[Task objective]:
Reproduce, exactly and in full, the lines from the one with "Altcoins may rally" through the one with "Фронтальная плоскость уровня" in the data below; drop pictures.

(Beginning of Supplied information)

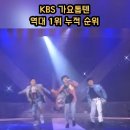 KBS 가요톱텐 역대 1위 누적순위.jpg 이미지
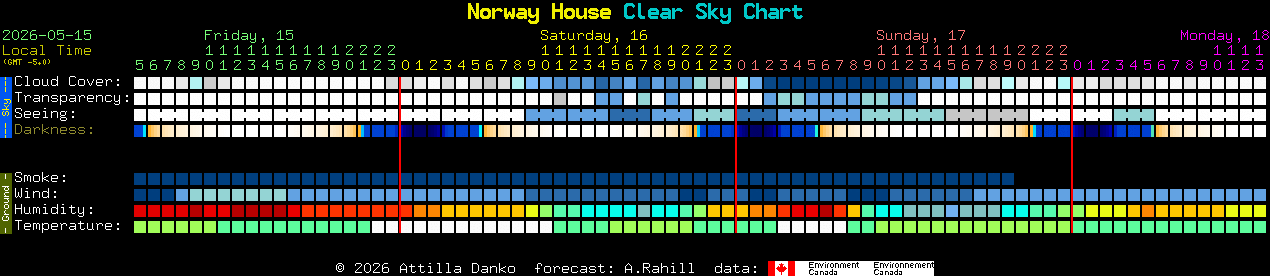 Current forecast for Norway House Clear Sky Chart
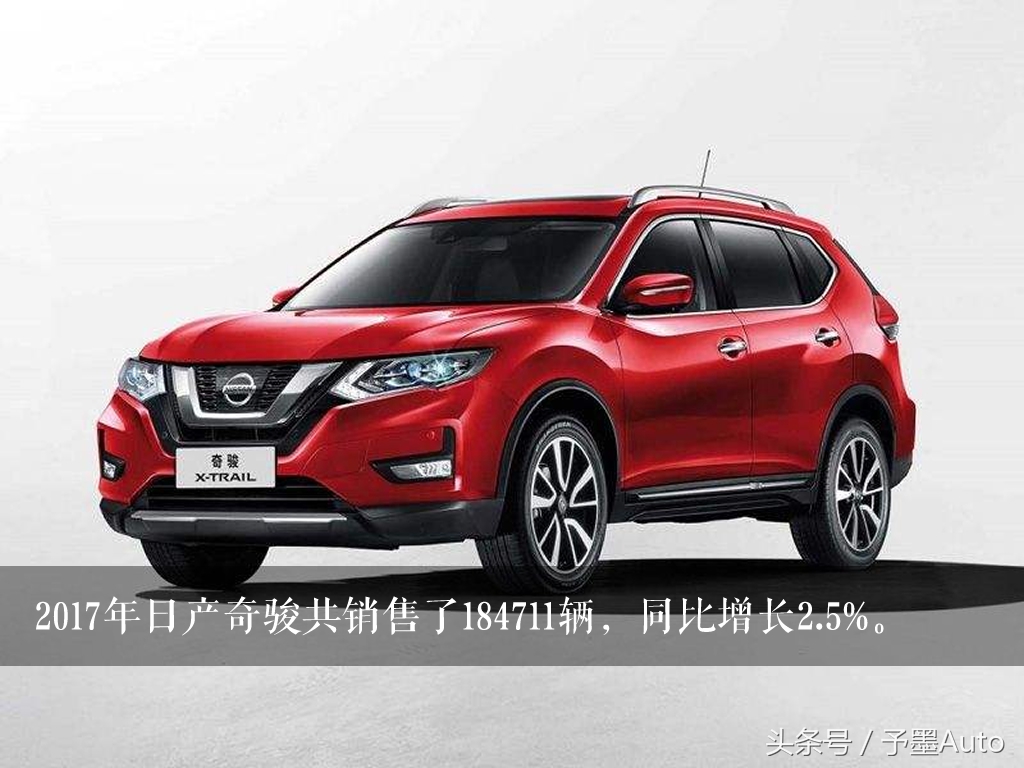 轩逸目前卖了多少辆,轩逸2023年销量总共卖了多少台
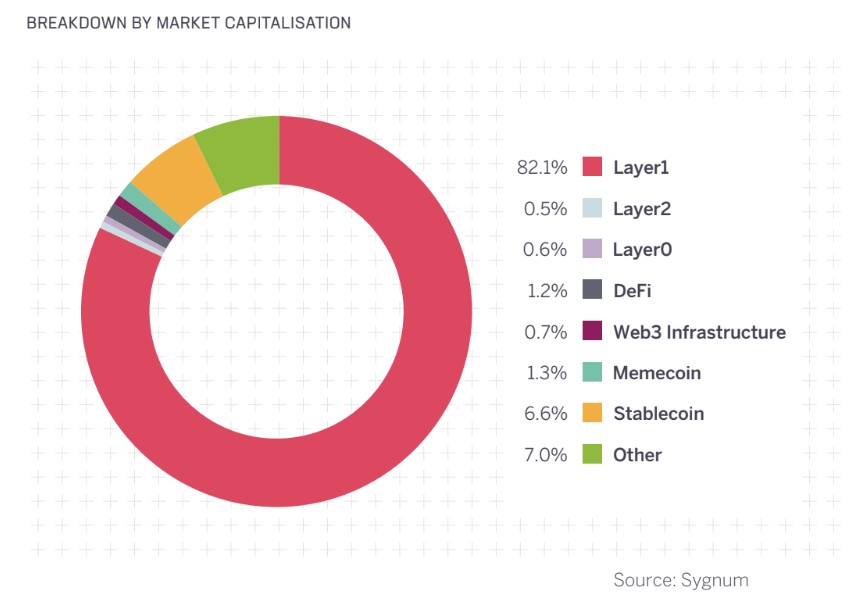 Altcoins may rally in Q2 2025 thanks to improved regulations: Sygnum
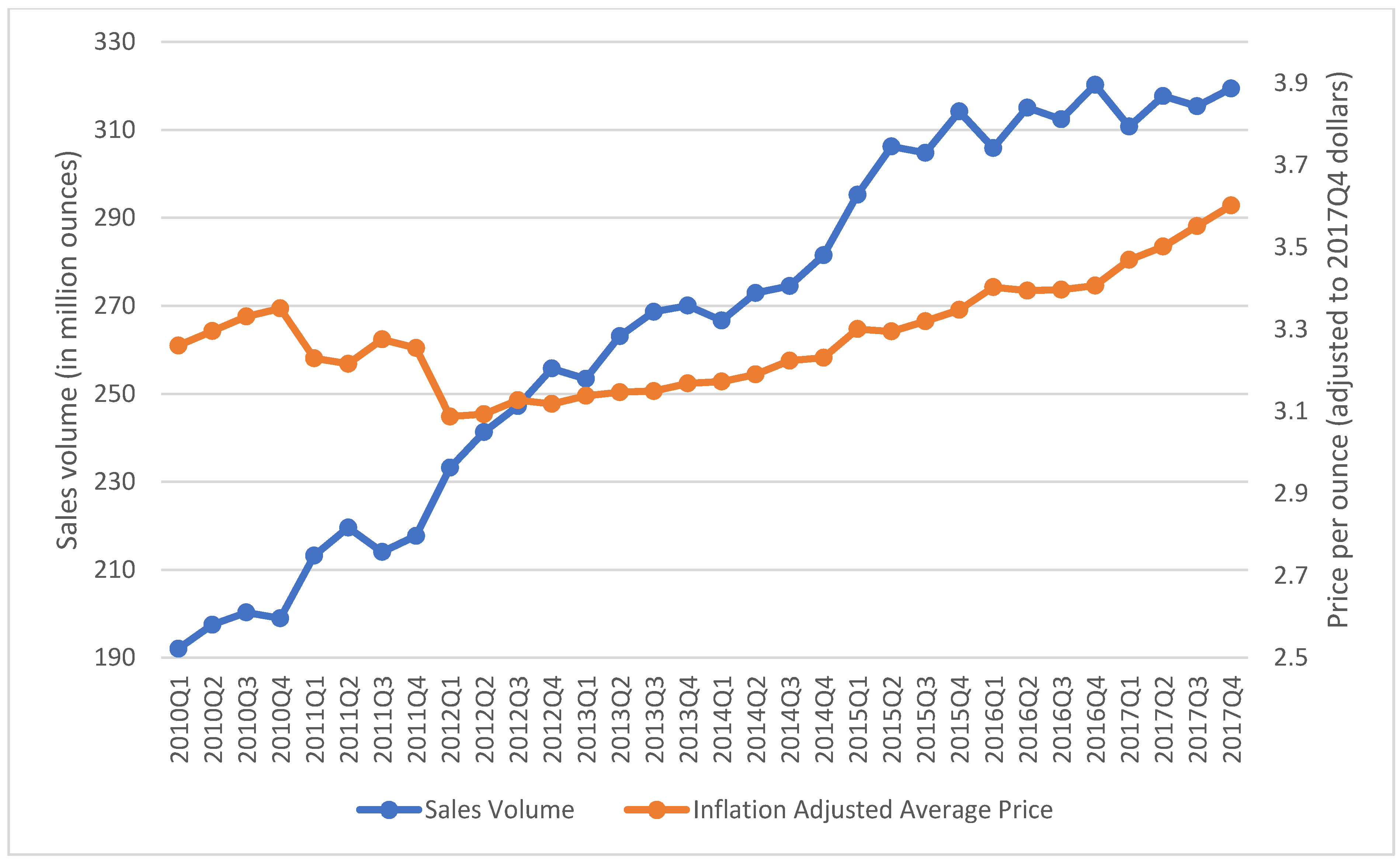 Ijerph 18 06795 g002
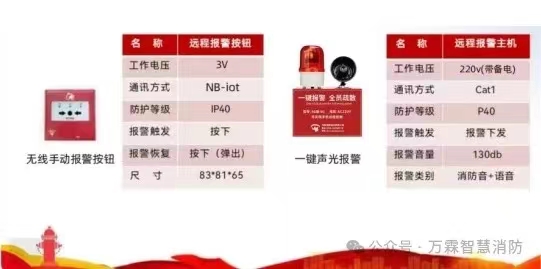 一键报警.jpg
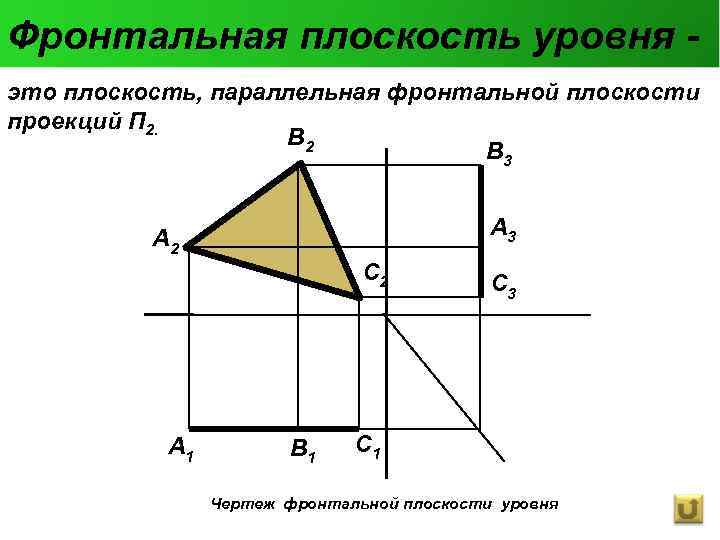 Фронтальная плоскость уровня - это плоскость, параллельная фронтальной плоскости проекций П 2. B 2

(End of Supplied information)
(Beginning of Supplied information)

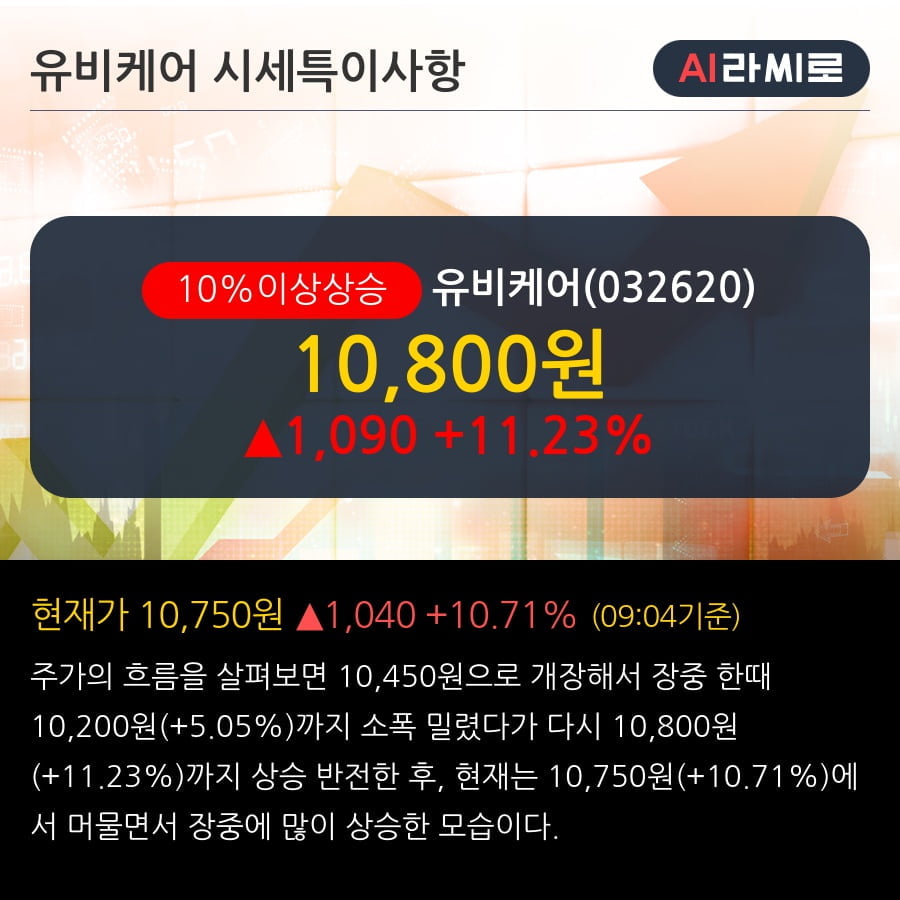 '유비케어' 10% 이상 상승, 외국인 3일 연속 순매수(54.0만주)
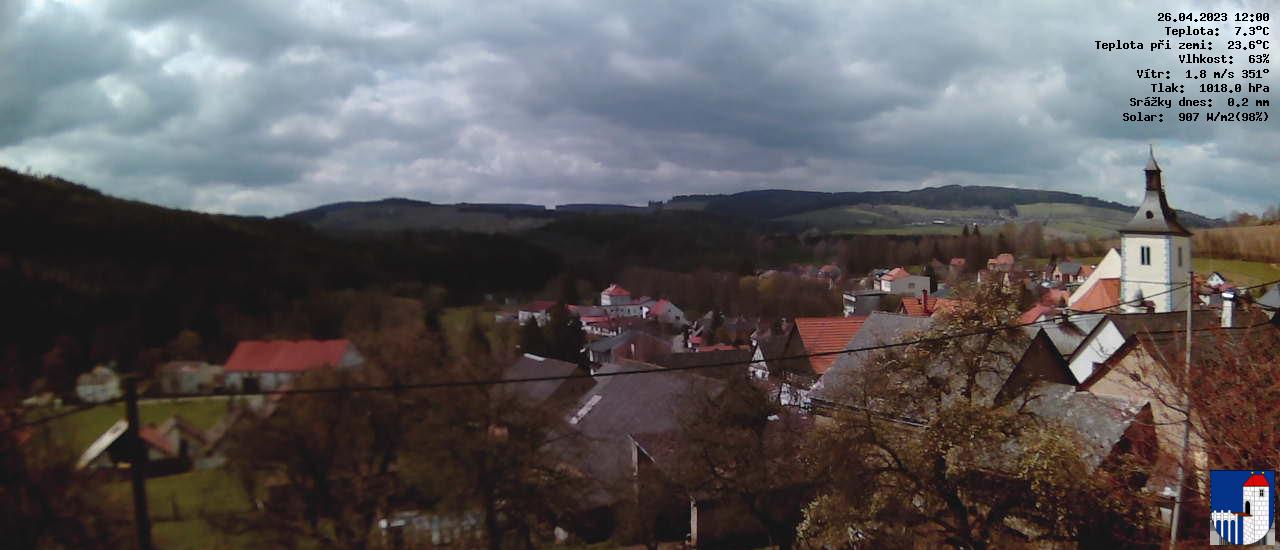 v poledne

(End of Supplied information)

[Answer space]:
 Altcoins may rally in Q2 2025 thanks to improved regulations: Sygnum
 Ijerph 18 06795 g002
 一键报警.jpg
 Фронтальная плоскость уровня - это плоскость, параллельная фронтальной плоскости проекций П 2. B 2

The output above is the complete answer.